In her social media statements, she stated emphatically that she “has no interest in talking to journalists.”

Governor Cuomo has denied her allegations in a press conference on Monday.

“Look, I fought for and I believe a woman has the right to come forward and express her opinion and express issues and concerns that she has,” Cuomo said. “But it’s just not true.”

Reportedly, in what could be a sign of retaliation, Cuomo has released the private personnel documents of Boylan. As political activist Rafael Shimunov explains on Twitter, “Cuomo releasing private personnel documents of the woman who accused him of sexual harassment moments prior isn’t just retaliation, it’s a warning.
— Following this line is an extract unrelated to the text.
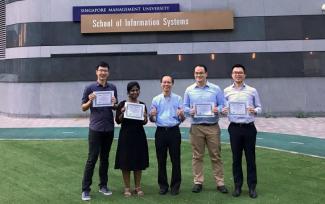 SMU Senior Lecturer of Information Systems and Director of Innovation Management Patrick Thng (centre) with Team Eltag (from left) Lim Yee Cheng, Alagu Alagappan, Ten Kao Yuan and Hendrik Gunawan.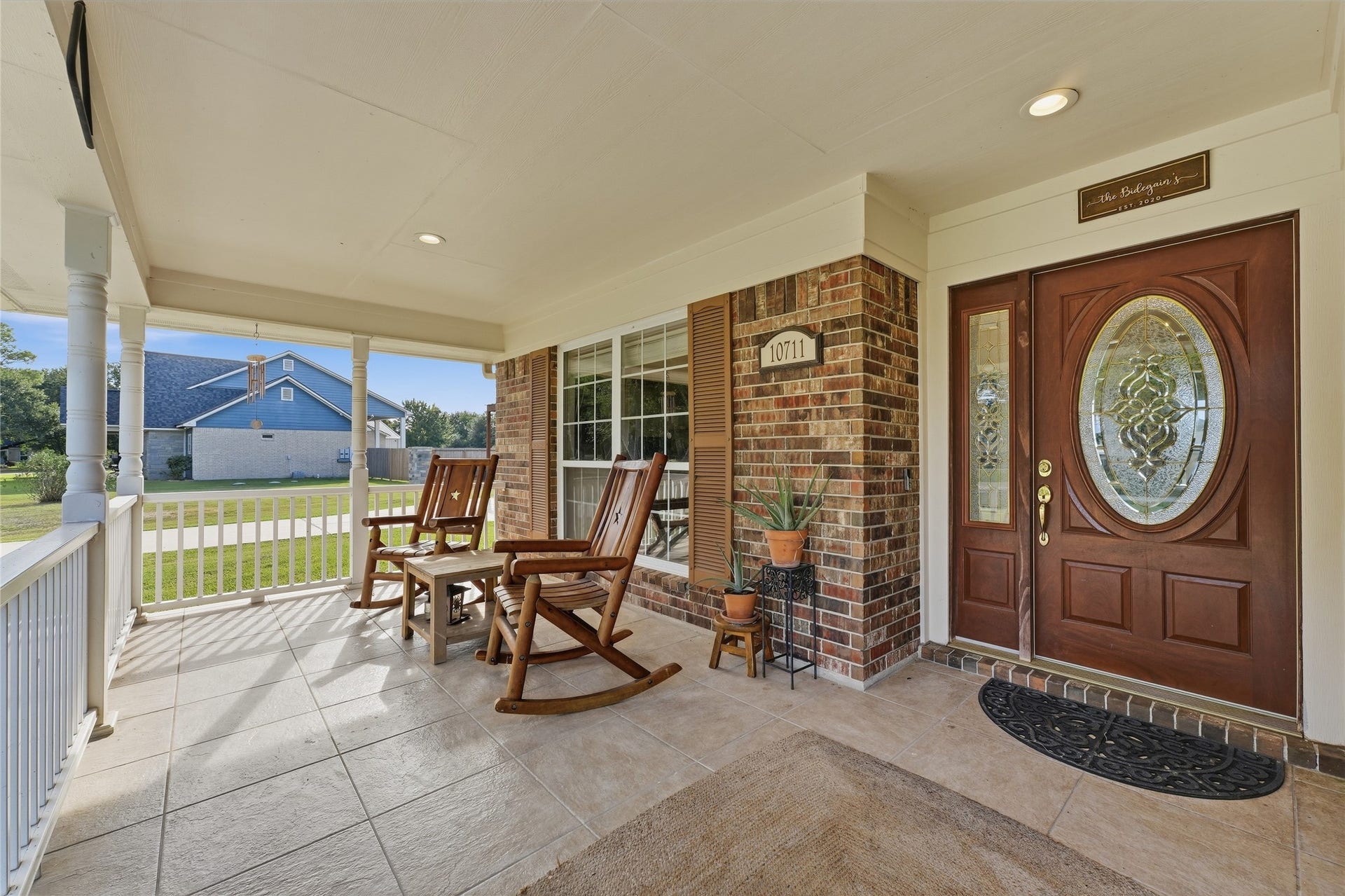 10711 Indian Trails Drive, Tomball, TX 77375 A spacious covered front porch invites you to slow down and enjoy the country lifestyle, with room for rocking chairs, morning coffee and gathering with guests.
This is the man who opened a corruption commission then closed it when the evidence led to him, he has a lot to hide.”

It’s understandable that Boylan’s comments have made waves and could potentially tank Cuomo’s name on the Attorney General shortlist, but shouldn’t his executive order, which likely led to the deaths of thousands of elderly men and women, also not remove him from consideration? Shouldn’t the Biden administration be equally concerned about that as well?

Apparently not.

Most of the initial news reports that listed Cuomo as a potential pick failed to even mention the nursing home situation.

Senior Fox News meteorologist Janice Dean who lost both of her in-laws within about a week due to COVID, blames Cuomo’s executive order for their deaths and states on Twitter her belief that Cuomo is “a terrible governor.”

Others being considered for the role include former Deputy Attorney General Sally Yates, outgoing Alabama Senator Doug Jones, and judge Merrick Garland, whom Barack Obama nominated to the Supreme Court in 2016. Merrick was not confirmed after Republicans refused to vote before the results of the election.